* _TASK OBJECTIVE_
Your answer should consist only of the lines below from the one with "Sobrado para vender" through the one with "DeFinity Markets Receives", copied exactly.

* _AVAILABLE DATA_
__________________________________________________

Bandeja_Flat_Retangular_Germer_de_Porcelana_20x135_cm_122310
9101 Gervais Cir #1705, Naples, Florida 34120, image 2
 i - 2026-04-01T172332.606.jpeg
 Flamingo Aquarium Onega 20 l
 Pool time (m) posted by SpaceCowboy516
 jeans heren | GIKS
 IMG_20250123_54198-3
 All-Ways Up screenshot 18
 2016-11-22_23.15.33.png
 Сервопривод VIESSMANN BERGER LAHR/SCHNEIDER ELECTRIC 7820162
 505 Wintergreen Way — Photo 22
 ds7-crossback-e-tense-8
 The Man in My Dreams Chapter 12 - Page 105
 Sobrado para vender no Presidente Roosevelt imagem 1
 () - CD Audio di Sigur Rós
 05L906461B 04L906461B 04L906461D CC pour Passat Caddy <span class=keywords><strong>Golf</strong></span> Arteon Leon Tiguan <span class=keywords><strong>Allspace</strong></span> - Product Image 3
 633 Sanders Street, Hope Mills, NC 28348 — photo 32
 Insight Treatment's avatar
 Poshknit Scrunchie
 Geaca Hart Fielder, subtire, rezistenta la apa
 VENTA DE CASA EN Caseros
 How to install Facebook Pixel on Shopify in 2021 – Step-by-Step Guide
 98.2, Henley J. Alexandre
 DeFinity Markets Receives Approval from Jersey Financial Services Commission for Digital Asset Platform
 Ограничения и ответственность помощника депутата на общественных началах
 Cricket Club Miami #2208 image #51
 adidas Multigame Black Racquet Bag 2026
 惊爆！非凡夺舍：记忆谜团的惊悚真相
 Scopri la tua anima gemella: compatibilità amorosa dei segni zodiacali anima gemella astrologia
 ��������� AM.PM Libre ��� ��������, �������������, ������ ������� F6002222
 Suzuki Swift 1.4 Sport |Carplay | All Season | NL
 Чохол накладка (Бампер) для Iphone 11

__________________________________________________

* _RESPONSE TO THE EXERCISE_
 Sobrado para vender no Presidente Roosevelt imagem 1
 () - CD Audio di Sigur Rós
 05L906461B 04L906461B 04L906461D CC pour Passat Caddy <span class=keywords><strong>Golf</strong></span> Arteon Leon Tiguan <span class=keywords><strong>Allspace</strong></span> - Product Image 3
 633 Sanders Street, Hope Mills, NC 28348 — photo 32
 Insight Treatment's avatar
 Poshknit Scrunchie
 Geaca Hart Fielder, subtire, rezistenta la apa
 VENTA DE CASA EN Caseros
 How to install Facebook Pixel on Shopify in 2021 – Step-by-Step Guide
 98.2, Henley J. Alexandre
 DeFinity Markets Receives Approval from Jersey Financial Services Commission for Digital Asset Platform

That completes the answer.